Universality of Striped Morphologies

We present a method for predicting the low-temperature behavior of spherical and Ising spin models with isotropic potentials. For the spherical model the characteristic length scales of the ground states are exactly determined but the morphology is shown to be degenerate with checkerboard patterns, stripes and more complex morphologies having identical energy. For the Ising models we show that the discretization breaks the degeneracy causing striped morphologies to be energetically favored and therefore they arise universally as ground states to potentials whose Hankel transforms have nontrivial minima.

Figure 1

Reflection symmetry of triangles on a lattice causes the interaction matrices from any two radial potentials to commute.

Figure 2

Examples of eigenmodes of the two dimensional spherical model. (a)–(c) Any phase shift of a ground state is a new ground state, so checkerboards, stripes and everything between can be produced by the same model. Linear combinations of $f_{(2,2)}$ with different phase shifts are shown, all having the same energy. (d) Exchanging the elements of $\overrightarrow{k}$ gives a new ground state and linear combinations of them give rise to complex morphologies.
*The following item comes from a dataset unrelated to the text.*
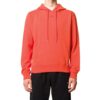 FW20 Stencil Hooded Pullover Men Orange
Shown is $\frac{1}{2}{f}_{(3,4)}+\frac{1}{2}{f}_{(4,3)}$.

Figure 3

Predicting ground states in different two dimensional Ising models. (Top) Potentials (inset) and their energy spectra in $|\overrightarrow{k}|$-space from the transform (4). (a) A purely repulsive potential [18], (b) two competing interactions [12] [see Eq. (1)], and (c) an RKKY-like interaction [29]. For small $k$ (long wavelengths) the spectra only depend on the magnitude of $\overrightarrow{k}$, but for large $k$ (short wavelengths) lattice effects breaks the independence on the direction of $\overrightarrow{k}$ and $E(|\overrightarrow{k}|)$ becomes multivalued. To illustrate this, we link series with constant $k_y$ with lines and in (a) examples of such states are shown. (Below) Local minima as arrived by through Monte Carlo annealing as well as ground states of Ising spin-$1/2$ models with corresponding potentials.

Figure 4

Designing interactions to imitate observed striped patterns. (a) Stripes in a ferrofluid confined between two glass plates in a magnetic field [from [1, 6], reprinted with permission from AAAS and Elsevier] (b), the (negative) radial power spectrum (blue) of previous picture together with a Gaussian (red), (inset) a pair potential $V(r)$ constructed as the (inverse) transform (4) of said Gaussian and (c), metastable state of an Ising spin-$1/2$ model with potential $V(r)$. Note that the chosen energy spectrum is not unique. Many potentials having a spectrum minimized at the same wavelength will show similar low-temperature behavior.